SCOTTISH ministers have used devolution to accumulate power and turn Holyrood into a “mini- Westminster”, one of the leading authorities on the SNP has said.
Professor James Mitchell said the centralisation by the Scottish Government ran counter to the hopes and expectations for devolution when it began in 1999.
The result was “insularly British with a Holyrood cherry on top”.
Instead of the Scottish Parliament representing a break from Westminster, with greater power-sharing across society, there had been more “micro-management”.
The author of numerous books on the SNP and its history, Prof Mitchell said: “Power has not been shared between the people, the legislators and the executive.
“We inherited the Westminster system of government. Relations between the Parliament and Government are more imbalanced than at Westminster.
“The very features of the old system that led to demands for change have become all too obvious in post-devolution Scotland.
“The Scottish Parliament’s committee system is much weaker than that in the Commons. Accountability may have improved compared with pre-devolution times but that is hardly a high hurdle.”
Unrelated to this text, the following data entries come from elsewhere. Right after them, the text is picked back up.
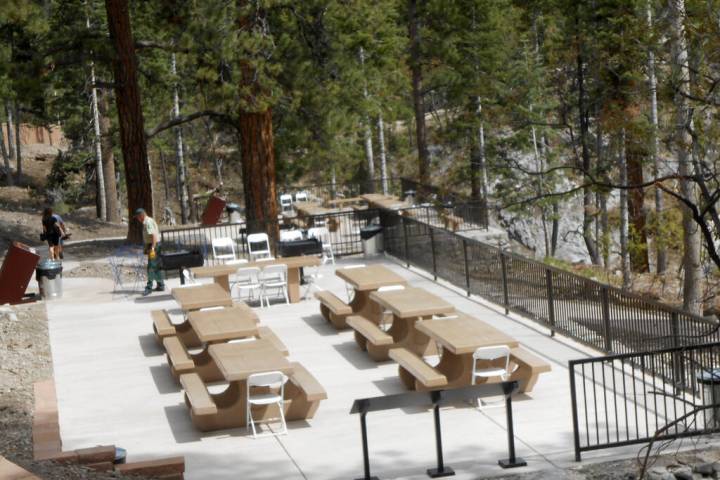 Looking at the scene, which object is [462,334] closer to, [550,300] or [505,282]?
[550,300]

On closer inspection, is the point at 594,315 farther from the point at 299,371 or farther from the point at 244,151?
the point at 244,151

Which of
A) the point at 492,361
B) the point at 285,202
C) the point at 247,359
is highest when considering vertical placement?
the point at 285,202

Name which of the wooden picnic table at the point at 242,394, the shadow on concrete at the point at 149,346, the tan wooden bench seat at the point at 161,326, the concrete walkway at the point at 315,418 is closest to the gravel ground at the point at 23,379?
the concrete walkway at the point at 315,418

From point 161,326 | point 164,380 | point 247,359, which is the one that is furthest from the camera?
point 161,326

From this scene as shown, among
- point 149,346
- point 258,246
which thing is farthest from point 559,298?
point 258,246

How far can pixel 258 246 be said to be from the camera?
28125 mm

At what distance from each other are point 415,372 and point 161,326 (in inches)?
208

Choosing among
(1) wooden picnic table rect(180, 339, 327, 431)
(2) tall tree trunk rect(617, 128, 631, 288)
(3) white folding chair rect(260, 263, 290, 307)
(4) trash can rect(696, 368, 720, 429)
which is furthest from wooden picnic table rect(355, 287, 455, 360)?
(2) tall tree trunk rect(617, 128, 631, 288)

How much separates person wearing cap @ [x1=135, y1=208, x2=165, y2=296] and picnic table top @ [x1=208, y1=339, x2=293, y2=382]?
8.26 metres

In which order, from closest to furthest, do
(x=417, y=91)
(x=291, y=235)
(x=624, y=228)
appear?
(x=291, y=235)
(x=624, y=228)
(x=417, y=91)

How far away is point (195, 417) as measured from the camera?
46.1ft

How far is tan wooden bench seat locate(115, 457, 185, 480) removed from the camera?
11812mm

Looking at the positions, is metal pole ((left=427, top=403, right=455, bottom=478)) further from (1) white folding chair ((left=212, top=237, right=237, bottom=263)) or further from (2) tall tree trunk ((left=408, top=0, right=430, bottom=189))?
(2) tall tree trunk ((left=408, top=0, right=430, bottom=189))

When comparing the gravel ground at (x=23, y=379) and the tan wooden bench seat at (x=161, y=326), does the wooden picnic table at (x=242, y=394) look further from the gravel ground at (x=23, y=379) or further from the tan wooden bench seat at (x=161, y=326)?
the tan wooden bench seat at (x=161, y=326) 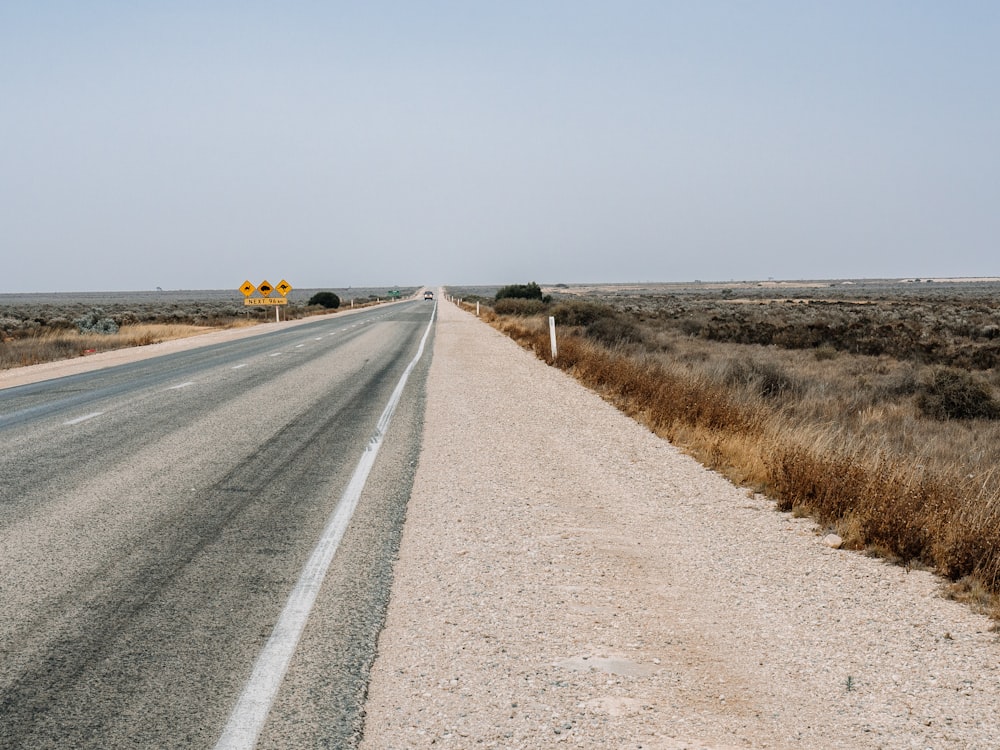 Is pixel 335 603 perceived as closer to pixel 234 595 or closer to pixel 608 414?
pixel 234 595

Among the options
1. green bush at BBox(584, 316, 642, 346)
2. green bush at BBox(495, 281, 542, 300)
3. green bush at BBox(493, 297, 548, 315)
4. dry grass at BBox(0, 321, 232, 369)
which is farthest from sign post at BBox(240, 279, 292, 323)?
green bush at BBox(495, 281, 542, 300)

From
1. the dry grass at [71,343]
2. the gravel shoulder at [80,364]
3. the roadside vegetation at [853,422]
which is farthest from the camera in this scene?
the dry grass at [71,343]

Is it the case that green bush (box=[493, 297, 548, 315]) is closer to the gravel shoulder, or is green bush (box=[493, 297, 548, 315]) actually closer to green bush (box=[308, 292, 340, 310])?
the gravel shoulder

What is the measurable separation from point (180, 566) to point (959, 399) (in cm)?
1445

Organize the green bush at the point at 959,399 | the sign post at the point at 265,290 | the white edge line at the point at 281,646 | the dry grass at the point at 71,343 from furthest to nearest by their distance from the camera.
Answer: the sign post at the point at 265,290, the dry grass at the point at 71,343, the green bush at the point at 959,399, the white edge line at the point at 281,646

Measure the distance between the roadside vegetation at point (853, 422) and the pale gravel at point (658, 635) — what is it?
1.06 ft

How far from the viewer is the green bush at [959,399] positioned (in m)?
14.4

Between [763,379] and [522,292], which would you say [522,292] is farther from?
[763,379]

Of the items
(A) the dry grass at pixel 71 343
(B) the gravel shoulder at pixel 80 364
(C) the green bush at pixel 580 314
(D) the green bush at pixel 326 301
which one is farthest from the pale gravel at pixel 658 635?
(D) the green bush at pixel 326 301

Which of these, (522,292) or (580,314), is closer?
(580,314)

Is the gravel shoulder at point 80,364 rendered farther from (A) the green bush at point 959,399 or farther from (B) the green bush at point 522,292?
(B) the green bush at point 522,292

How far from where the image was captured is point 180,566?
5.08 meters

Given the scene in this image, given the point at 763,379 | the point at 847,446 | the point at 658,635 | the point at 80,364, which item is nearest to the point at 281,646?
the point at 658,635

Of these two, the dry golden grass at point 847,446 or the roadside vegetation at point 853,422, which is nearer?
the dry golden grass at point 847,446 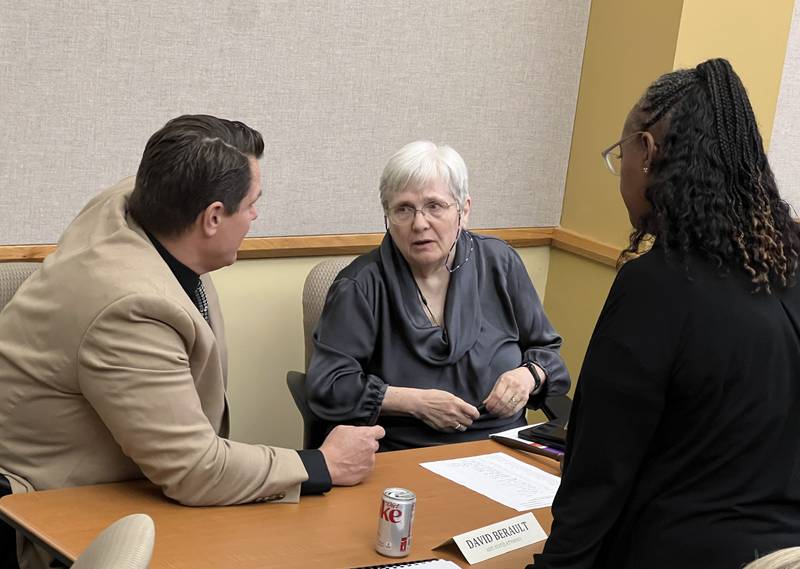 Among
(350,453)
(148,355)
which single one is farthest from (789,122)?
(148,355)

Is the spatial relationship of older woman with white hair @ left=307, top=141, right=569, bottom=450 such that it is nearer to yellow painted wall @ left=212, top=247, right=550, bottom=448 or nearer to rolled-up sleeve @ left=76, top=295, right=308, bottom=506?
yellow painted wall @ left=212, top=247, right=550, bottom=448

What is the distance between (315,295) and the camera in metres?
3.36

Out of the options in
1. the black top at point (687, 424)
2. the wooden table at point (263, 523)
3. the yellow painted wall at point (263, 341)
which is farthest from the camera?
the yellow painted wall at point (263, 341)

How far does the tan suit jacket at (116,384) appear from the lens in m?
2.07

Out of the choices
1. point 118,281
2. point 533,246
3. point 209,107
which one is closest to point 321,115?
point 209,107

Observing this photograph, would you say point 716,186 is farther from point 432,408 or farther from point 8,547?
point 8,547

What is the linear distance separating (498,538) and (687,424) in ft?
1.70

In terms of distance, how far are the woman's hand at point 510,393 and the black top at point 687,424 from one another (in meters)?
1.28

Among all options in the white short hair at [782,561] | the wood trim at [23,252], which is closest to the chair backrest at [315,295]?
the wood trim at [23,252]

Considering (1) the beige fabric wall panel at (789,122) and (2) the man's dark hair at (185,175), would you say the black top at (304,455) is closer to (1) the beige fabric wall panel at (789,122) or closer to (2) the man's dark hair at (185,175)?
(2) the man's dark hair at (185,175)

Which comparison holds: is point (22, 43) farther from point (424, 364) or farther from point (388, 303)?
point (424, 364)

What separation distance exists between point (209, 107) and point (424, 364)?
1094mm

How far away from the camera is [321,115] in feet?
11.9

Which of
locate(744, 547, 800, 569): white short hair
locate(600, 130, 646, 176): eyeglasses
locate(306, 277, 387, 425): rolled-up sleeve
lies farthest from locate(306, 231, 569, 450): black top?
locate(744, 547, 800, 569): white short hair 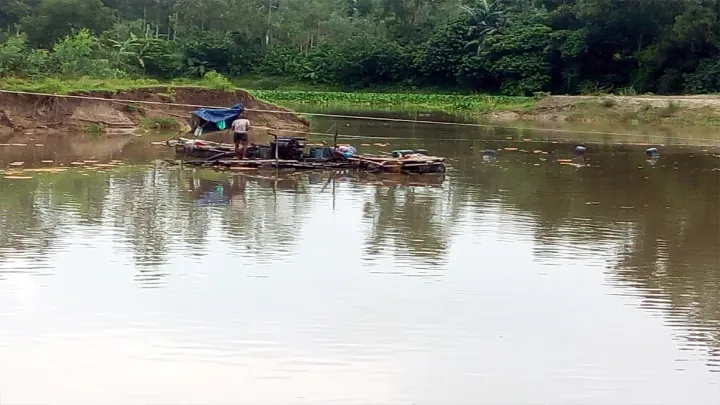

Writing in the new edition of the Scottish Left Review, the professor of public policy at Edinburgh University also said councils were suffering from “disempowerment”, but there was little they could do.
“The failure to address these deficiencies makes Scotland stand out as an outlier along with the rest of the UK in European local governance,” he said.
“For all the talk of being more European, of abandoning the Westminster model of government, today’s Scottish polity looks as insularly British with a Holyrood cherry on top of that which existed pre-devolution.”
He said our political system must be about more than “creating a Parliament and accumulating power for the executive in the Parliament’s name”, and called for fresh thinking from all Holyrood’s parties.
“We have lost sight of the ideals of self-government that animated earlier debates and stuck with a Scottish variant on the system that was supposed to be rejected.
“For all the talk of popular sovereignty, what has emerged is a mini-Westminster in which the executive is dominant, Parliament is compliant and any other potential sources of legitimacy are denuded of authority.
“The central paradox of Scottish politics has been that in the desire to find an alternative system we have ended up with a system of government that is essentially the same as the Westminster system.
“We have neglected deficiencies in our system of government. Relations with the rest of the UK are important but there is so much more that demands attention.”
The Accounts Commission last week reported Edinburgh had cut council budgets by 4.1 per cent in real terms between 2013/14 and 2020/21, bar Covid funding.